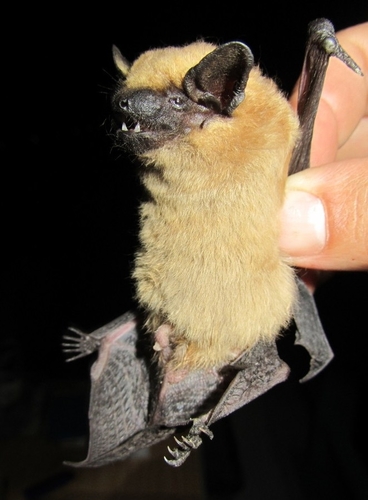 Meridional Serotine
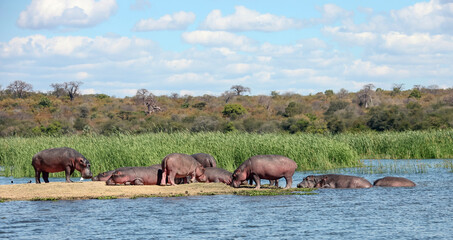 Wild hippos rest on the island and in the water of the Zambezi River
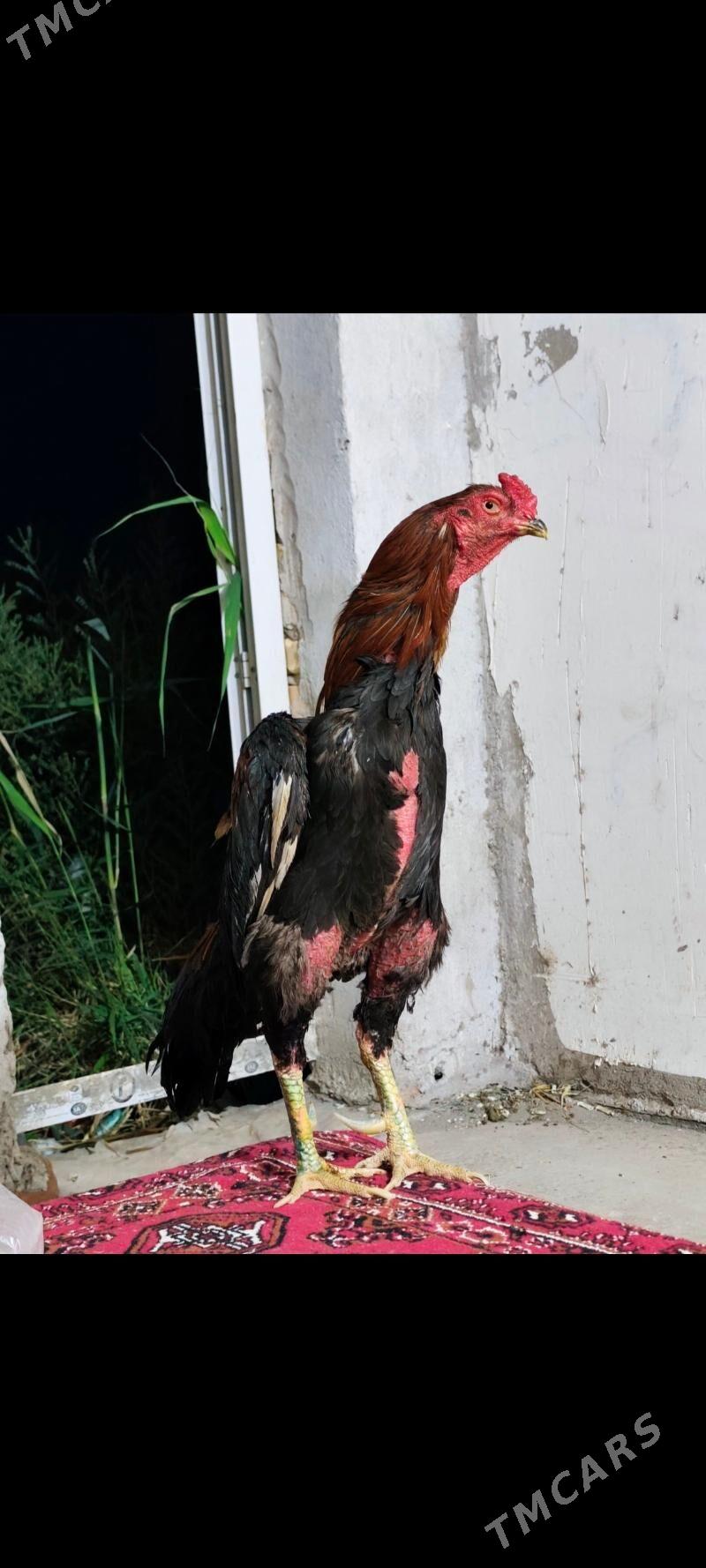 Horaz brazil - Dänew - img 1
---
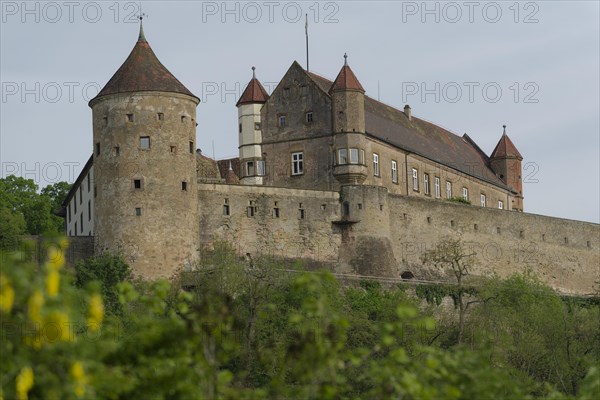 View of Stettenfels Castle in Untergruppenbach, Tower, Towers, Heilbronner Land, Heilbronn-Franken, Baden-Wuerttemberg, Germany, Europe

WHAT IS REQUIRED
With pictures excluded, reproduce exactly the lines above from the one containing "Wild hippos rest" down to the one containing "Horaz brazil - Dänew - img 1", those two included.

REPLY TO THE EXERCISE
 Wild hippos rest on the island and in the water of the Zambezi River
 Horaz brazil - Dänew - img 1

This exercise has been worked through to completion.